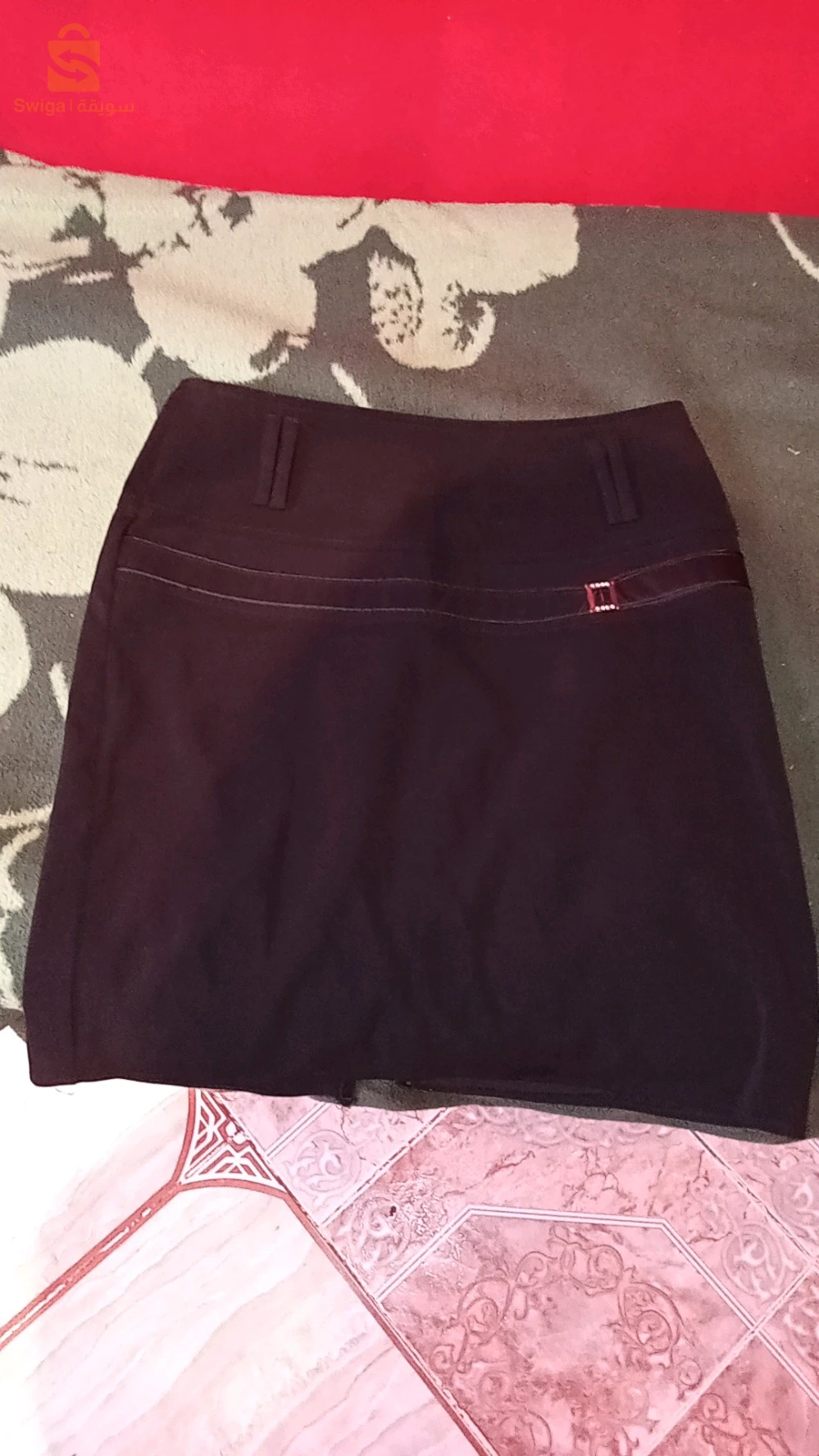 jupe noir taille (42)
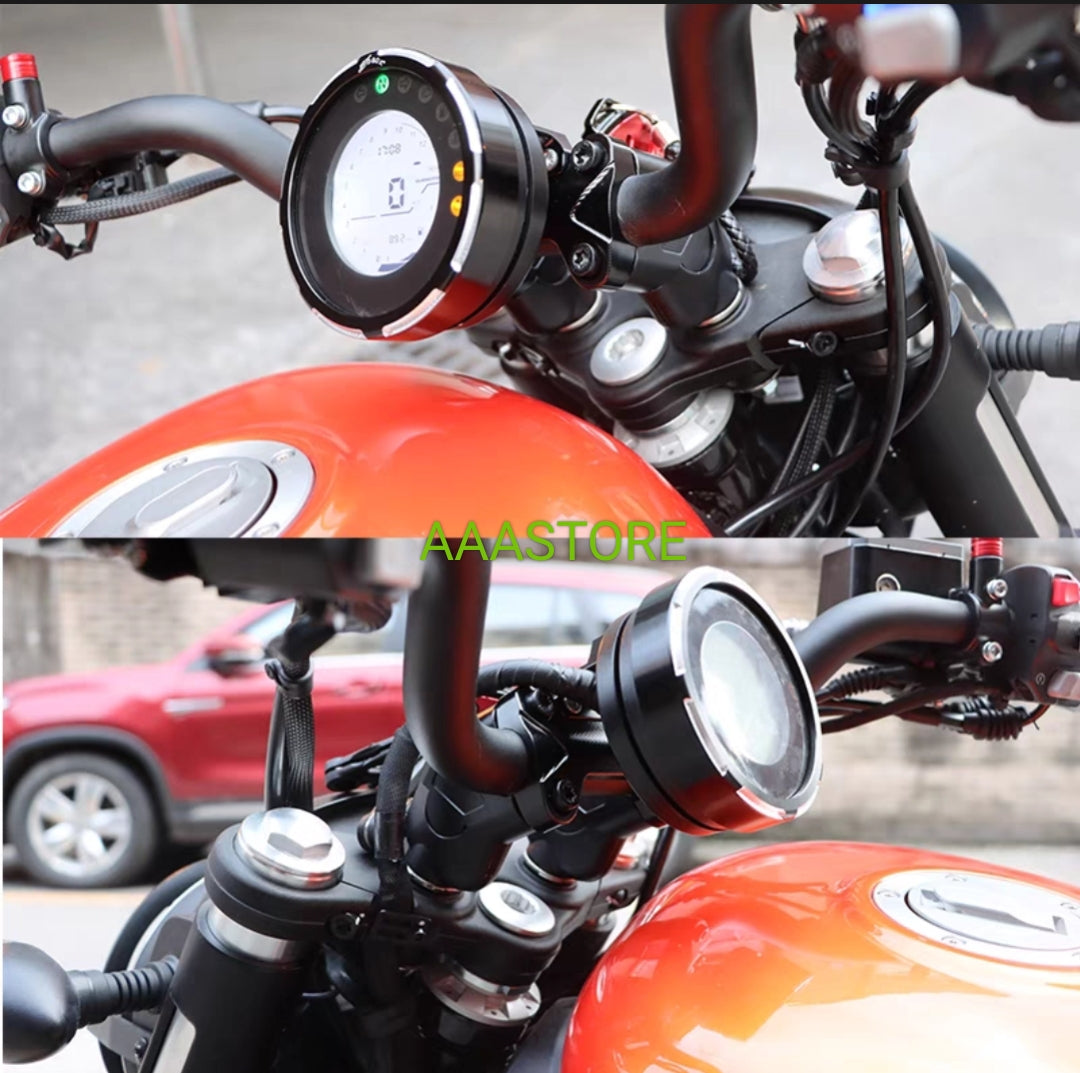 QJmoto SRV 250 Riser+Top Clamp+odometer holder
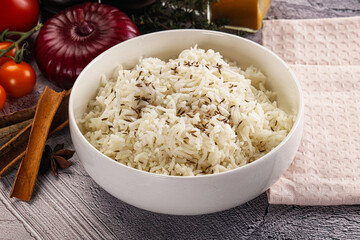 Indian cuisine jeera basmati rice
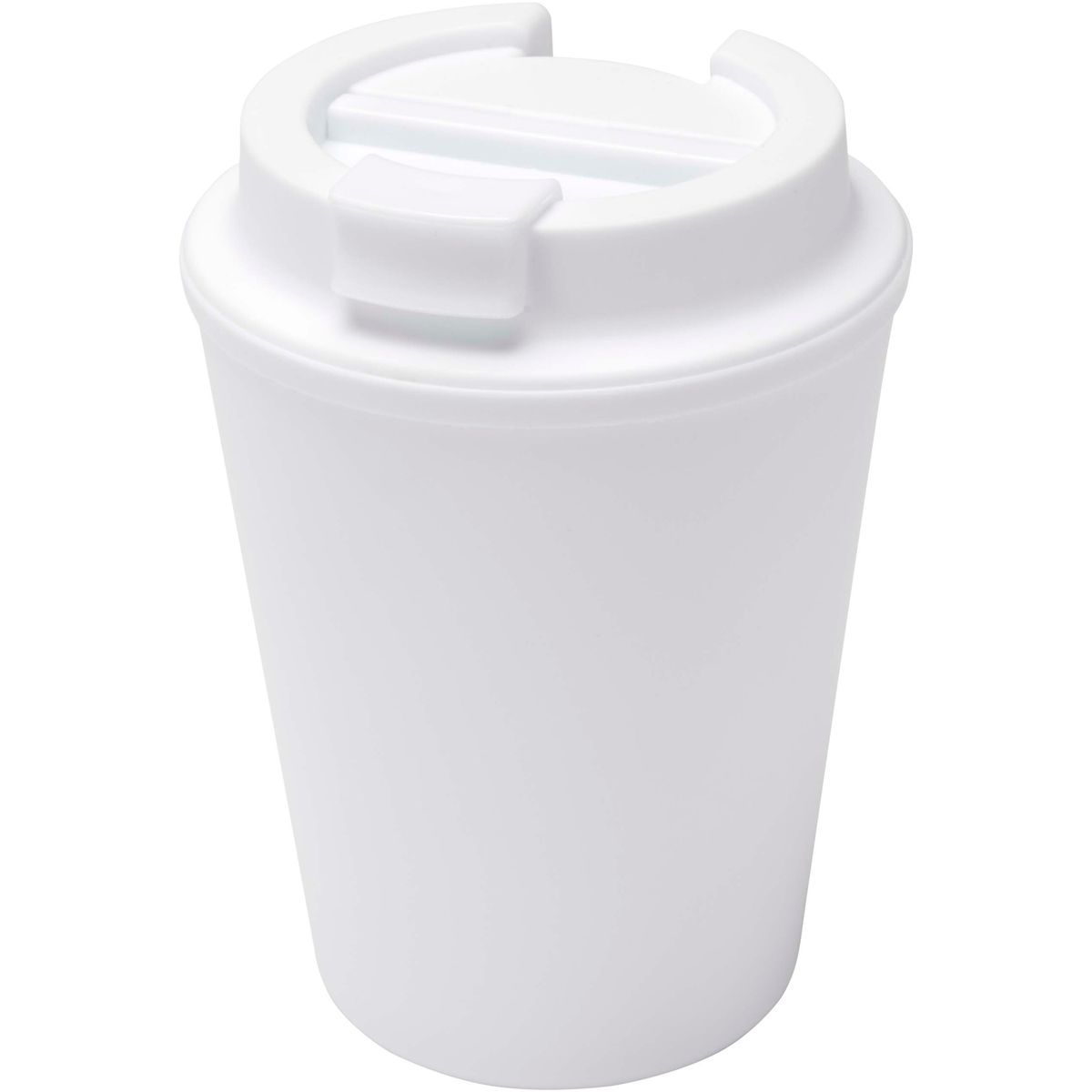 Kunststof thermosbekers 300 ml met schroefdeksel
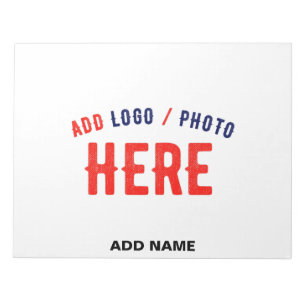 STYLISH MODERN CUSTOMIZABLE WHITE VERIFIED BRANDED NOTEPAD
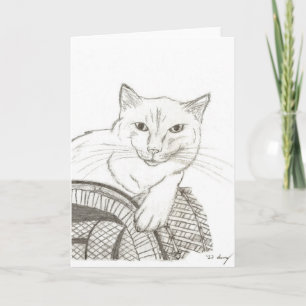 Cartão de saudação de retrato do Cat Ragdoll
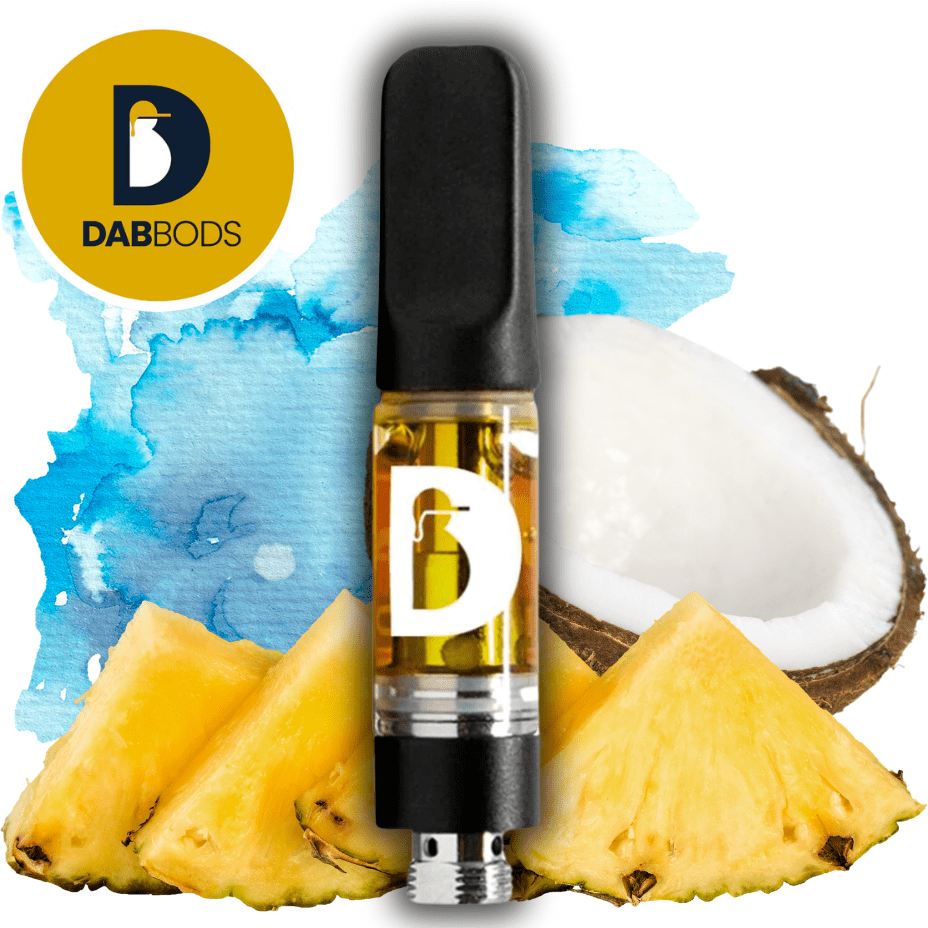 Dab Bods Sweet Island Coconut Hybrid 510 Cartridge-1g 1g Morden Vape SuperStore and Cannabis Manitoba Canada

INSTRUCTIONS FOR THE TASK> Write out again, word for word, only the lines from the one with "Indian cuisine jeera basmati rice" through the last line of the material, and omit each picture.

SOLUTION>
 Indian cuisine jeera basmati rice
 Kunststof thermosbekers 300 ml met schroefdeksel
 STYLISH MODERN CUSTOMIZABLE WHITE VERIFIED BRANDED NOTEPAD
 Cartão de saudação de retrato do Cat Ragdoll
 Dab Bods Sweet Island Coconut Hybrid 510 Cartridge-1g 1g Morden Vape SuperStore and Cannabis Manitoba Canada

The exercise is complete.